Alors que Washington n’a toujours pas dévoilé la liste des sanctions qui seront appliquées à la Turquie suite à la livraison des S400 d’origine russe, c’est au tours des européens de hausser le ton contre Ankara, cette fois au sujet de Chypre. En effet, les autorités turques ont décrété être en droit d’exploiter les réserves de gaz découvertes autour de l’Ile, et ce en contradiction avec les règles internationales, qui donne à l’état independant Chypriote ce droit. La France, par l’intermédiaire du président Macron, avait déjà, il y a quelques mois, déclaré que la France se tiendrait au coté de Chypre et de la Grèce dans ce dossier le cas échéant. Mais finalement, ce sont les 27 pays européens qui font bloc derrière Nicosie, et qui menacent désormais Ankara de sanctions économiques sévères si cette dernière persistait à vouloir forer dans des eaux ne lui appartenant pas.
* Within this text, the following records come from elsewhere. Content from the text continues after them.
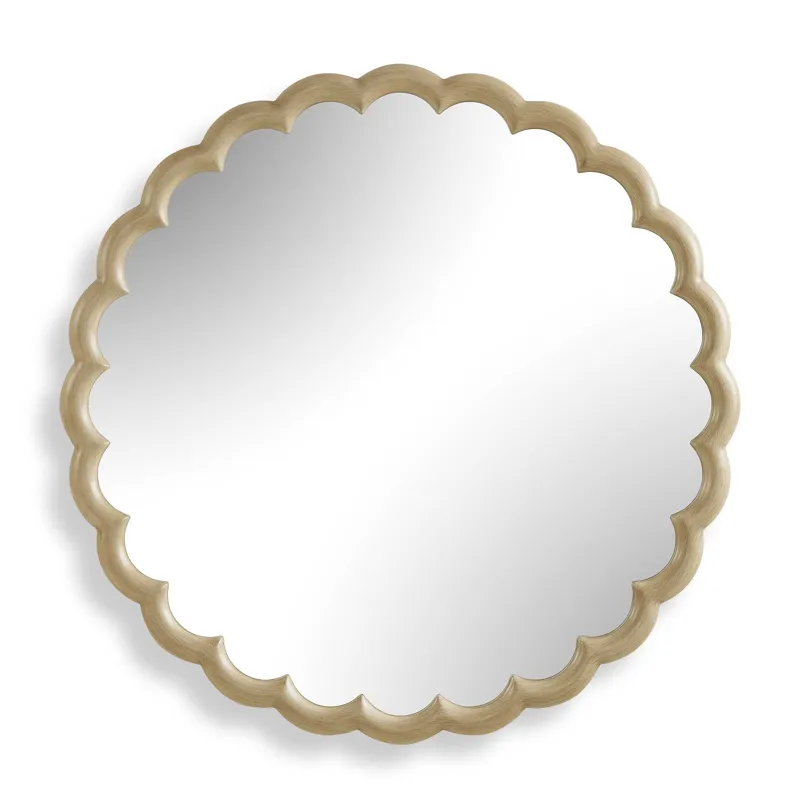 Cerrito Burnished Ivory Round Mirror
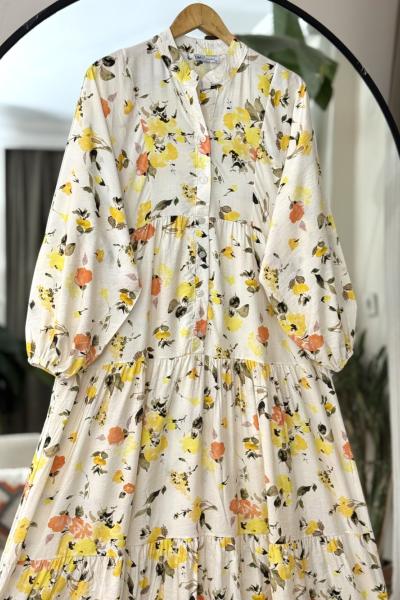 Patlı Yarım Düğmeli  lilyüm elbise Sarı UMS50310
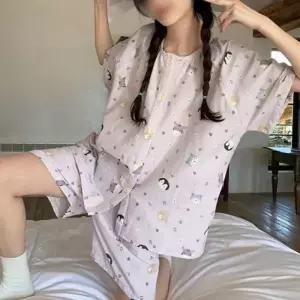 여성 여름 펭귄 반팔 잠옷 밴딩 파자마 홈웨어 세트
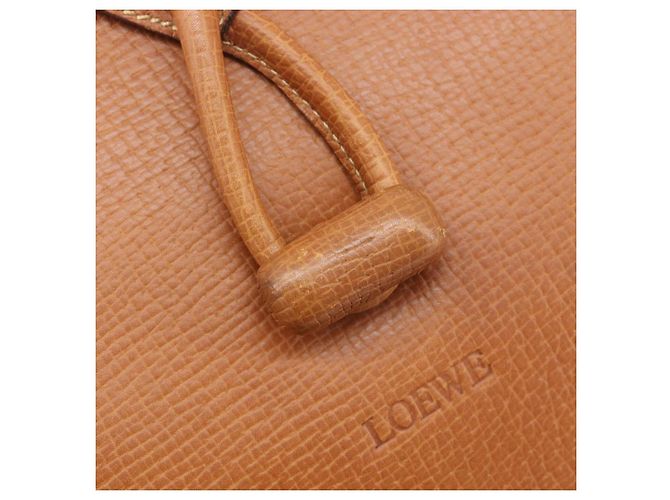 Borsa a tracolla LOEWE in pelle marrone tono oro Auth 207796A - vista 21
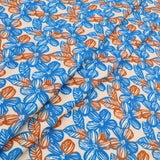 Fleur Luxury Pure Cotton Satin Sateen Dressmaking Fabric - Teal Tainted Flowers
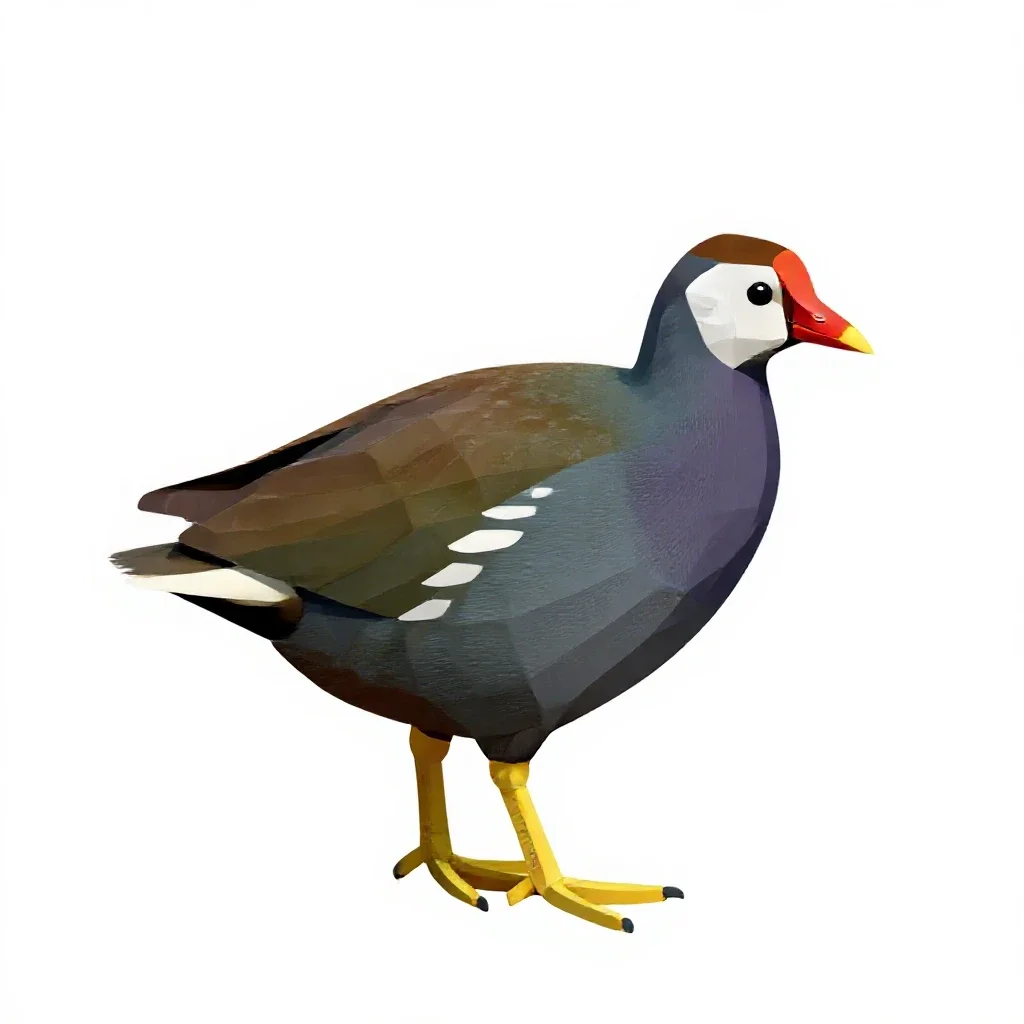 Gallinule isolated on a white background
La réaction unanime des européens est remarquable et courageuse, car nul dans les capitales européennes n’ignore que le président Erdogan pourrait à nouveau agiter la menace d’un flot de réfugiés déferlant sur les côtes grecques si les autorités turques cessaient de contrôler cette vague migratoire (contre rétribution généreuse de Bruxelles). En dépit des mises en garde européennes, la Turquie a déjà envoyé 3 navires de forage en zone chypriote, et un quatrième navire serait en route, selon le ministre des affaires étrangères turc, Mevlut Cavusoglu. Il a également précisé que la Turquie était déterminé à « faire prévaloir les droits des chypriotes turcs, même si cela signifiait devoir utiliser la force armée », une menace explicite contre une intervention européenne dans cette affaire.
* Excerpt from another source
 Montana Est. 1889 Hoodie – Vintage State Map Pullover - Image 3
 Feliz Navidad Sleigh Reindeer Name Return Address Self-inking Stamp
La Turquie qui, semble-t-il, est engagée sur tous les fronts, puisque le ministère de La Défense du pays a annoncé, il y a deux jours, la mise en alerte des forces stationnant à proximité de la frontière syrienne, laissant entendre qu’une opération pourrait être menée dans le nord de la Syrie, contre les Forces Démocratiques Syriennes, là ou se trouvent, précisément, les forces spéciales américaines, françaises et britanniques.
De fait, chaque jour qui passe semble éloigner encore davantage la Turquie du camps occidentale, le pays n’étant aujourd’hui plus guère soutenu sur la scène internationale que par Moscou et Pékin. Toutefois, il faut s’attendre à ce que le probable divorce d’avec l’OTAN et l’Union européenne, se fasse dans la douleur, et ce pour les deux camps. Dans ce contexte, les batteries de S400 russes réceptionnées ces deniers jours, 3 ans jours pour jours après la tentative de coup d’Etat avortée contre le président Erdogan, ce dernier accusant les Etats-Unis et l’OTAN d’avoir, si pas fomenté la révolte, en tout cas laissé faire; apparaissent comme un atout remarquable dans les mains du président turc pour tenir en respect les forces aériennes occidentales dans le rapport de force qui se profile en Syrie, en Mer Égée et en Méditerranée Orientale.